The County argued that the government’s approval of the grant modification of March 18, 1975 was implicitly an approval of all rehires which occurred prior to that date or a waiver of the right to contest the rehires. The grant officer rejected the County’s arguments and determined that the grant modification was neither an approval nor a waiver of rights. Costs in the amount of $373,962 for the 39 employees hired without proper Department approval were disallowed.

. “Finding 13.

(a) The [initial investigation report] discloses that thirty-eight (38) of forty-five (45) rehires were either demonstrably unemployed less than the required [15] days prior to their dates of application for employment in the [Title VI] program, or duration of unemployment could not be determined because only month and ... [year] (and not specific date) of last employment was provided in the application. In two other instances, no application was available; one other case featured no last date of employment whatsoever. The report cites violations of 29 C.F.R. 99. l(i), promulgated January 10, 1975, on a participant-by-participant basis.” The grant officer’s finding 13 was that the County had violated the regulations by inadequately documenting whether 26 rehirees had been unemployed the requisite 15-days before rehired. Twenty-two of the 26 were also ineligible for reasons discussed supra regarding finding and determination 12. The amount of disallowance for the four remaining ineligible rehires under finding and determination 13 was $42,332. The grant officer concluded that the service intake form, rather than the client intake form as claimed by the County, was the document relied on by the County for determining Title VI eligibility. Where the service intake form showed on its face that the applicant had not been unemployed for 15 days, or where length of employment could not be ascertained, the grant officer disallowed costs.

. The disallowed costs actually exceed this amount. Costs for two of the six employees who were hired after March 18 without approval by the Department were not known at the time the ALJ disallowed them. They were disallowed in an amount to be subsequently determined.

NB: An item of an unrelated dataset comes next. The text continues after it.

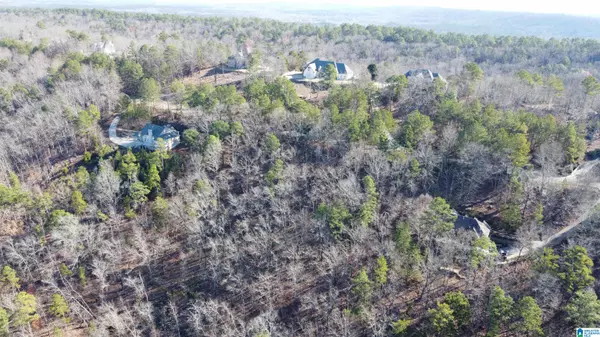 Pelham, AL 35124,168 KINGS CREST LANE #93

. The regulations which control the procedural aspects of this case were stipulated to by both parties in a Joint Stipulation submitted to the ALJ.

. The grant officer’s post-hiring brief does ask the ALJ to disallow costs for the six persons hired after March 18. That, of course, is irrelevant to whether the issue was tried by consent to the ALJ.

. We note that five of the six post-March 18 hirees were determined by the ALJ to be ineligible for multiple reasons. Reversal of the ALJ for disallowance of costs for lack of Department approval does not necessarily mean that costs are to be allowed.

. Testimony by a witness for the County bears out this conclusion. Under questioning by counsel for the County, the Associate Director for Public Service Employment for Pierce County explained the use of the client intake form:

“Q. What’s the purpose of that form and its use in the program at that time?
A. That is to determine the eligibility of the individual and that is done at the time that a selection is made, and that is done to verify the eligibility of the individual prior to the time that he is to go to work ... it’s used to determine eligibility, and that’s the last word, or last bit of information observed before the participant goes to work.” (emphasis added).

. The County’s assertion that a finding of fact regarding the period of unemployment before actually starting to work misses the point. Because one is a participant upon execution of the client intake form, the date work is actually started is irrelevant.